(Web page caption snippets)
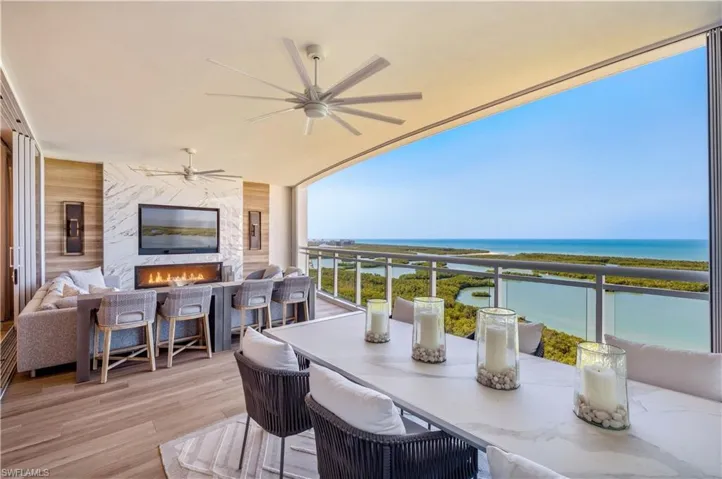 Balcony featuring outdoor dining space and a ceiling fan
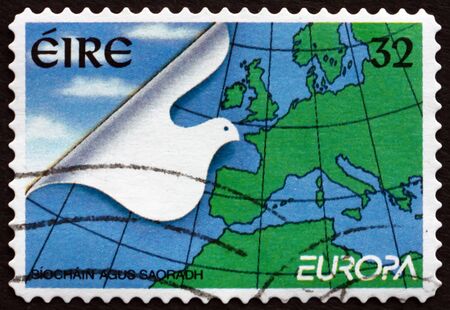 IRELAND - CIRCA 1995: A stamp printed in Ireland shows Stylized Dove and Map of Europe, Peace and Freedom, circa 1995のeditorial素材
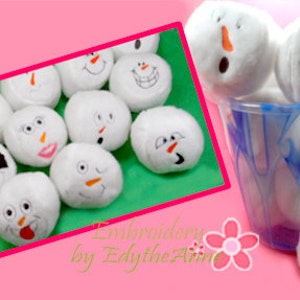May include: A collection of white plush snowballs with embroidered faces, some with orange carrot noses and black eyes. One snowball has a black mask. A blue bucket is filled with similar snowballs. The background is pink and green.
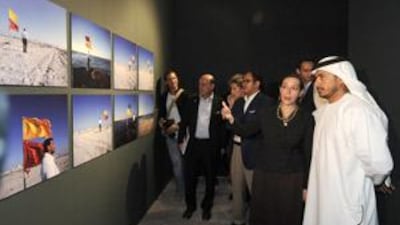 Sultan Bin Tahnoon Al Nahyan, right, is accompanied by the curator Catherine David in the Adach Platform for Visual Arts at the Venice Biennale.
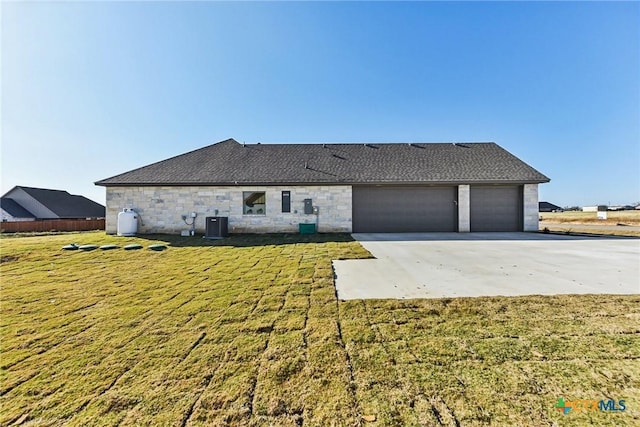 rear view of house featuring a garage, cooling unit, and a lawn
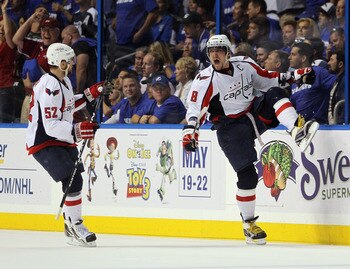 TAMPA, FL - MAY 03: Alex Ovechkin #8 of the Washington Capitals scores a power play goal at 17:27 of the second period against the Tampa Bay Lightning and is joined by Mike Green #52 in Game Three of the Eastern Conference Semifinals during the 2011 NHL S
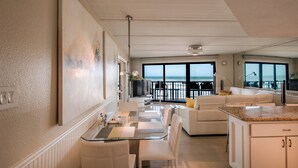 Ett modernt kök med matplats, en vit soffa och utsikt över havet.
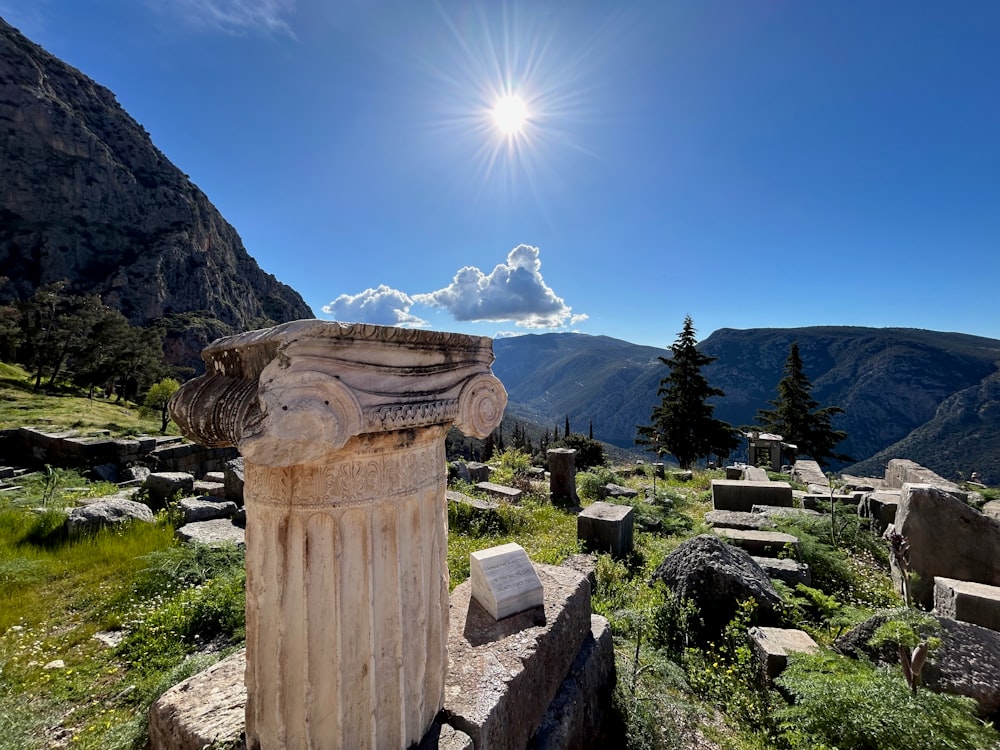 a stone pillar sitting on top of a lush green hillside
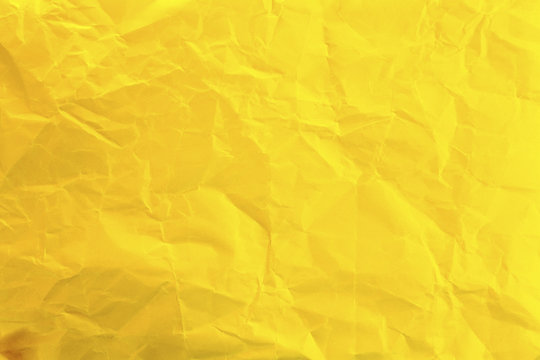 
Crumpled yellow paper as background
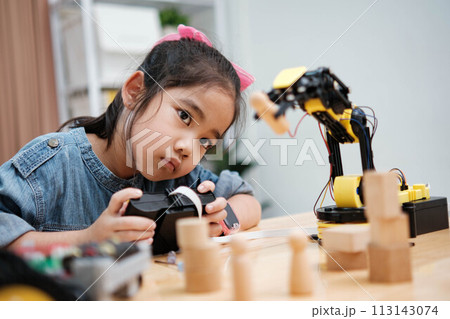 A young girl is playing with a remote control a robot 113143074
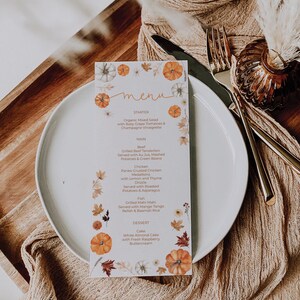 May include: A menu card with a fall theme, featuring watercolor pumpkins and leaves. The menu lists starter, main courses like beef and chicken, and dessert. The card is on a white plate with silverware and a decorative background.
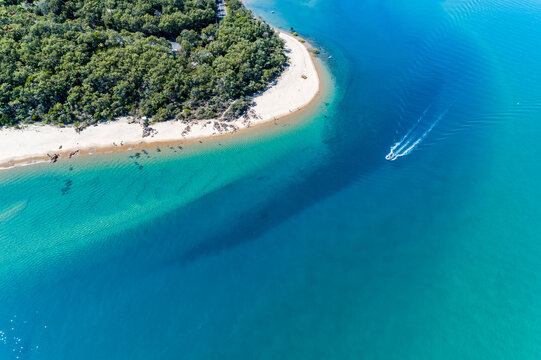 Speed boat passing sandy beach and point on a tidal creek at Seventeen Seventy, Queensland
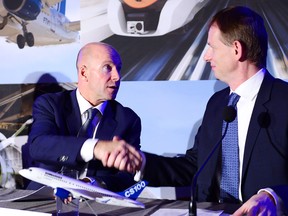Bombardier president and CEO Alain Bellemare, left, and president Canada and chief operating officer of North America for Airbus Helicopters Romain Trapp shake hands during a press conference announcing the CSeries deal in Montreal on Monday.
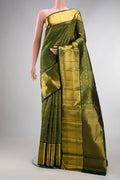 Pure Silk Bottle Green Kanchipuram Saree with Zari Brocade on the body and Zari Border.  displayed on a mannequin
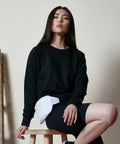 A person with long dark hair sits on a stool, wearing a black sweatshirt and shorts, with a white BY131 accessory from Build Your Brand draped over their leg.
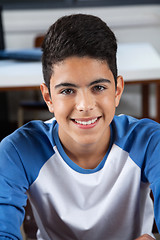 Image showing Teenage Schoolboy Sitting In Classroom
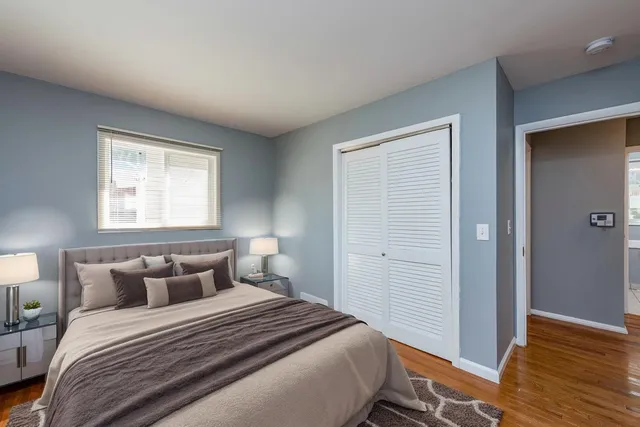 a bedroom with a bed and wooden floor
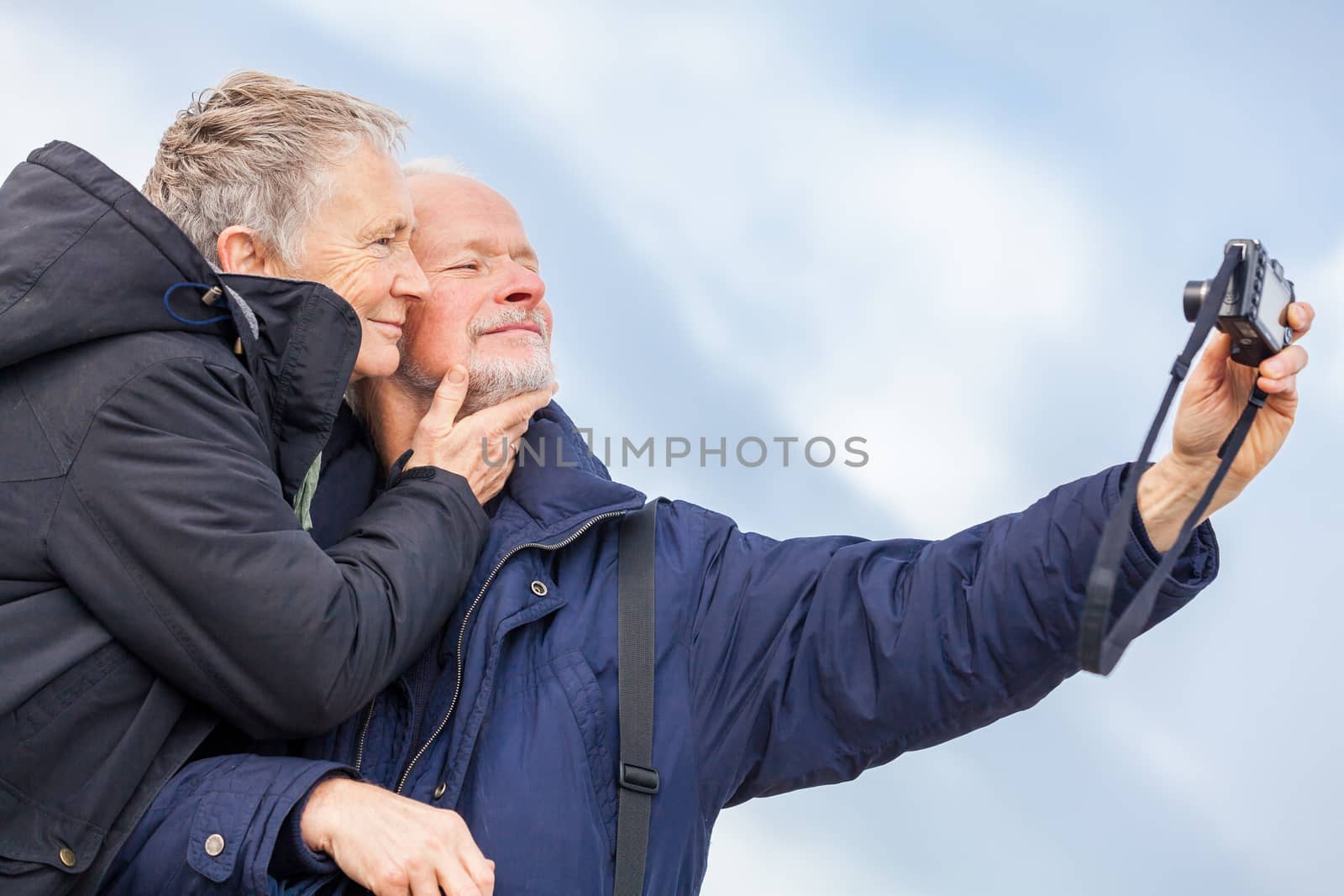 Elderly couple taking a self portrait on a compact digital camera posing in the open air and sunshine with their heads close together smiling at the lens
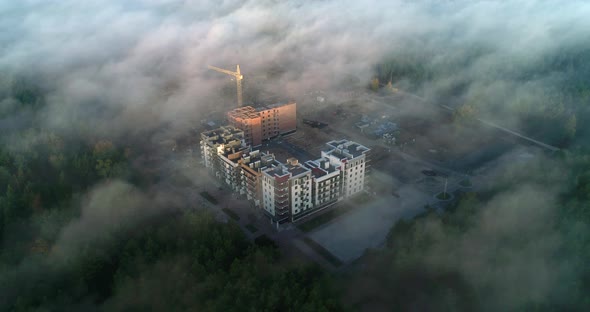 Top view through the fog on the construction of a residential complex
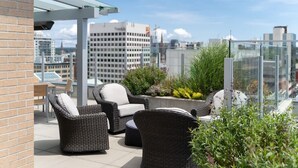 Eine Dachterrasse mit Korbmöbeln, einer Glasumlaufung und Blick auf die Stadt.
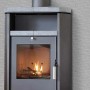 Stufa a legna con rivestimento grigio e piano in pietra per riscaldamento interno.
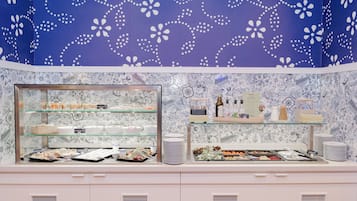 Zona de buffet con vitrinas de vidrio y pared decorada.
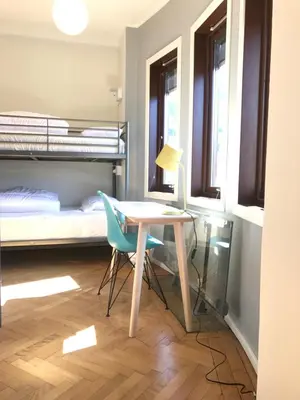 a room with a desk and a bed and a table and chairs at City Hostel Bergen in Bergen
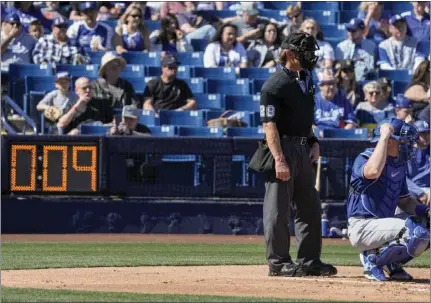  ?? MORRY GASH – THE ASSOCIATED PRESS ?? Home plate umpire Jim Wolf waits as the pitch clock counts down during the first inning of Saturday's game between the Dodgers and Brewers.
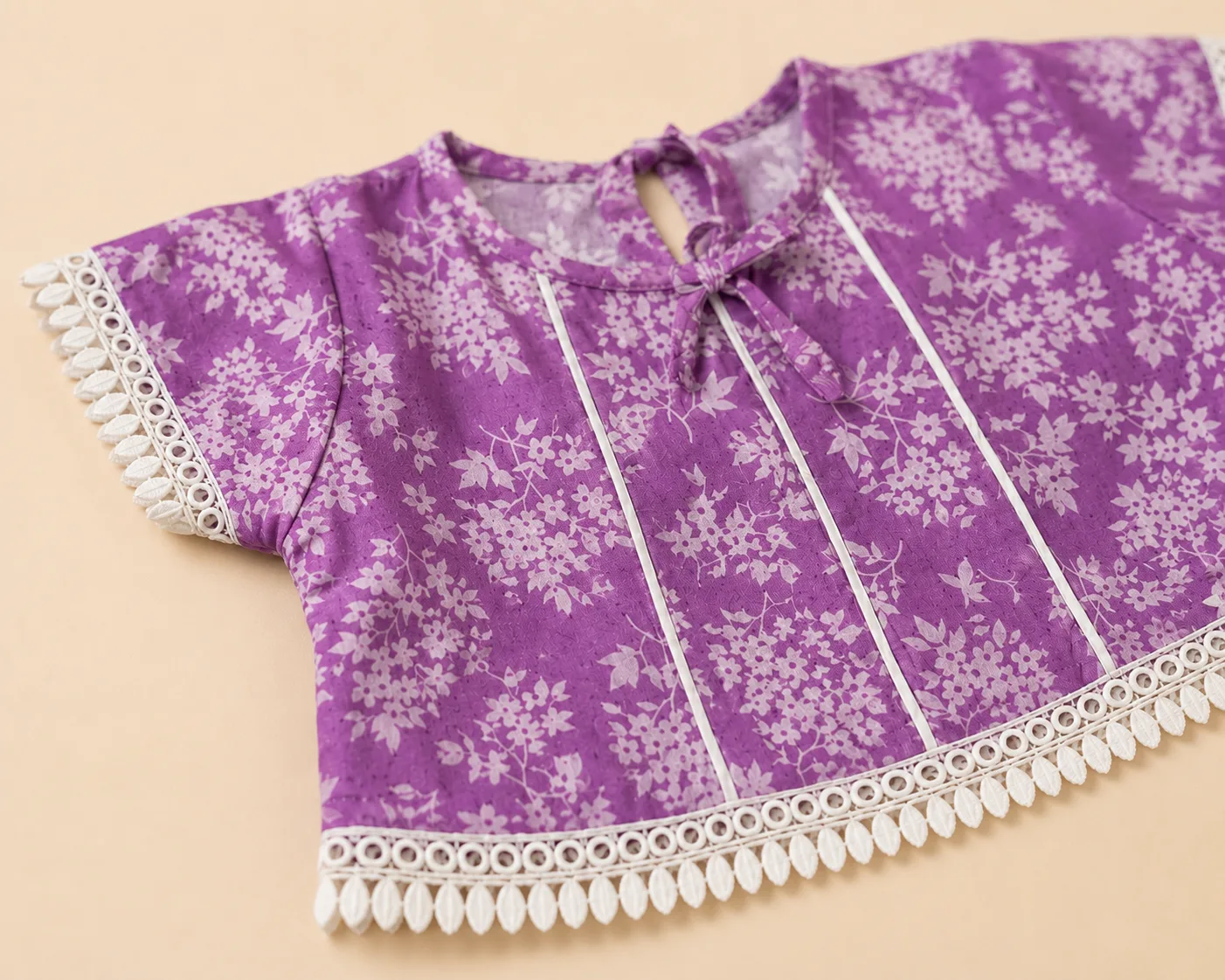 Close-up of pin-tucks and white scalloped lace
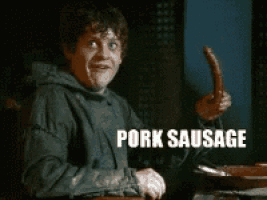 a man holding a sausage with the word pork sausage written on it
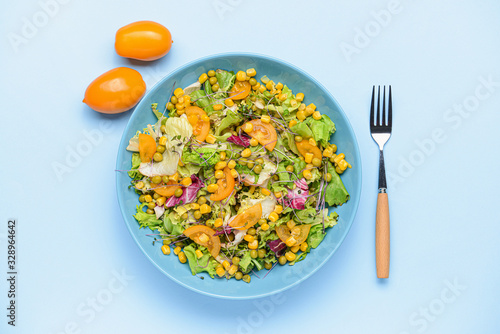 Bowl with tasty salad on color background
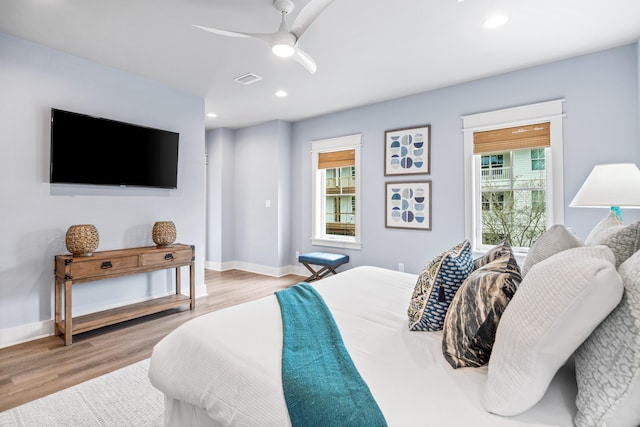 bedroom with multiple windows, ceiling fan, and light hardwood / wood-style flooring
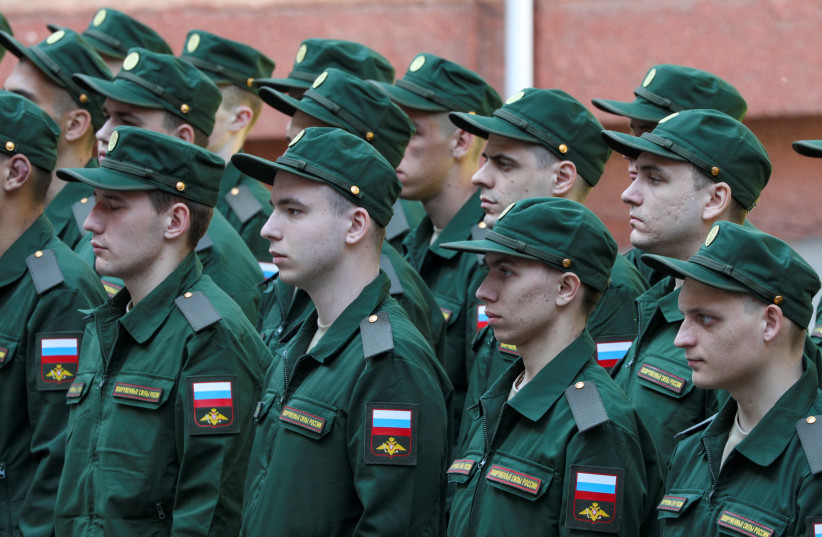  Russian conscripts called up for military service line up before their departure for garrisons as they gather at a recruitment centre in Simferopol, Crimea, April 25, 2023. (photo credit: REUTERS/ALEXEY PAVLISHAK)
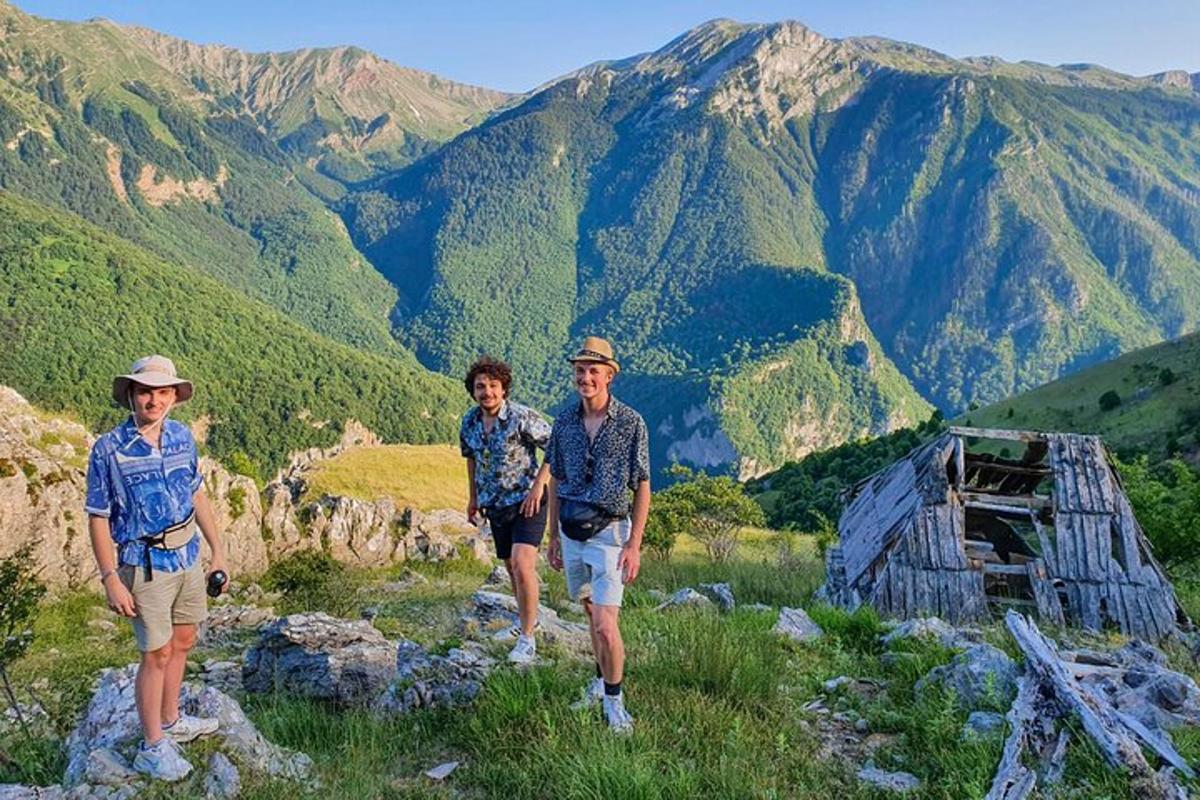 þrír menn standa á fjallstindi
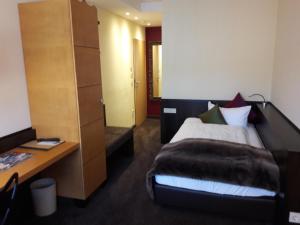 Postel nebo postele na pokoji v ubytování Hotel Post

--- What is expected ---
Before answering, please find the line containing "Close-up of pin-tucks" above, then copy exactly from it through the last line of the entries, both included, without pictures.

--- Written answer ---
 Close-up of pin-tucks and white scalloped lace
 a man holding a sausage with the word pork sausage written on it
 Bowl with tasty salad on color background
 bedroom with multiple windows, ceiling fan, and light hardwood / wood-style flooring
  Russian conscripts called up for military service line up before their departure for garrisons as they gather at a recruitment centre in Simferopol, Crimea, April 25, 2023. (photo credit: REUTERS/ALEXEY PAVLISHAK)
 þrír menn standa á fjallstindi
 Postel nebo postele na pokoji v ubytování Hotel Post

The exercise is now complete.